山口 仁也 稿「法人税法における資産の販売もしくは譲渡における収益の課税タイミングに関する考察―22条の2における「引渡しの日」とはいつの日か-不動産取引を題材として―」

山口 仁也 稿
「法人税法における資産の販売もしくは譲渡における収益の課税タイミングに関する考察―22条の2における「引渡しの日」とはいつの日か-不動産取引を題材として―」

(名古屋経済大学大学院 院生)

 本論文では、平成30年に新設された法人税法22条の2でいう「目的物の引き渡し又は役務の提供の日」が何時なのかを検証しようとする。その構成は次の通りである。

 第1章では、課税タイミングに係る立法構造として、法人税法22条の2第1項及び第2項ならびに旧法人税法22条4項の規定の立法構造を概観し、引渡基準と権利確定主義との関係などに言及する。

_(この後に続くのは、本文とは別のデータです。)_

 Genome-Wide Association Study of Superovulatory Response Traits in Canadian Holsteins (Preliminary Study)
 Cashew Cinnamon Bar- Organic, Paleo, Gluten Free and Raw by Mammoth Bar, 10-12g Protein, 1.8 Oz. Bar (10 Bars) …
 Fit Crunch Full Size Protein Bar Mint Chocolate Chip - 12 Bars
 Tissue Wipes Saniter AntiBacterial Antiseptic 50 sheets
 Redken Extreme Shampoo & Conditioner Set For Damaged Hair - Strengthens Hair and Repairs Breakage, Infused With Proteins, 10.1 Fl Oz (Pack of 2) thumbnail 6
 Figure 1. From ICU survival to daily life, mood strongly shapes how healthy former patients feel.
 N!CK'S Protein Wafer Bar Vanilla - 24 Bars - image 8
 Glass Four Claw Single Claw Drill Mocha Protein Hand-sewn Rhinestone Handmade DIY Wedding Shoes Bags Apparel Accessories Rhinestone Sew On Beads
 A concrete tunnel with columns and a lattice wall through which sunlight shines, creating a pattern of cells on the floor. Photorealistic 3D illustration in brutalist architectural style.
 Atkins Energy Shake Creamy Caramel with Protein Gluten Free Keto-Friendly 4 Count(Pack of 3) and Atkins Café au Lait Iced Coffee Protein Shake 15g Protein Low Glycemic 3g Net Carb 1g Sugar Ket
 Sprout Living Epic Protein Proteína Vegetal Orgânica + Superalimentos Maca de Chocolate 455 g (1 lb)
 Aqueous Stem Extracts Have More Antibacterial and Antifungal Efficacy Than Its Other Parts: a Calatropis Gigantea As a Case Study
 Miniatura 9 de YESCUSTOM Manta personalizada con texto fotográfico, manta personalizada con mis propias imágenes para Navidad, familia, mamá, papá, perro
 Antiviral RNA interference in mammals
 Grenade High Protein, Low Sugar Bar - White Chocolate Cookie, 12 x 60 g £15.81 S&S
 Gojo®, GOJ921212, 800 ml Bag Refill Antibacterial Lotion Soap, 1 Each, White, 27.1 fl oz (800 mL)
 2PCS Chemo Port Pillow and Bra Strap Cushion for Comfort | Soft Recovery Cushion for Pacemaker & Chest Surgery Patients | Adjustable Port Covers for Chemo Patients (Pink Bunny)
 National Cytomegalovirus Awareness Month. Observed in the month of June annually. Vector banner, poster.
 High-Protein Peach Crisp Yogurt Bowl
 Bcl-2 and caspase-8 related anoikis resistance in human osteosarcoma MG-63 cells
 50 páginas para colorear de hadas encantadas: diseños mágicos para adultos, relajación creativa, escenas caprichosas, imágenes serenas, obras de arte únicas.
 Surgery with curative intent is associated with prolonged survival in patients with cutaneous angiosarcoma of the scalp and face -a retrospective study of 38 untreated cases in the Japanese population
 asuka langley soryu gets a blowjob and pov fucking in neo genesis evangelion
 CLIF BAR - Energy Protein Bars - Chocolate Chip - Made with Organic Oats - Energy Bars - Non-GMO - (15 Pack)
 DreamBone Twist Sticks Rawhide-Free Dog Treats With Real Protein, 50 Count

第2章では、従来の判例や通達を手がかりに、収益の課税タイミングを探るべく、権利確定主義・引渡基準・公正取引基準をめぐるこれまでの議論を紹介し、引渡基準の位置づけを明確にする。第3章では、不動産取引を対象に、法人税法で言う「引き渡しの日」とは何時なのかを解明すべく、不動産取引を題材に、判例研究を通しての検証を行っている。第4章では第22条の2第1項の「引き渡しの日」とは「権利確定主義そのものの表現ないし別称」であるとの立場から、別段の定めとして明文化する意義を考え、新会計基準の適用に向けて、大法人に対する啓蒙の必要性を説く。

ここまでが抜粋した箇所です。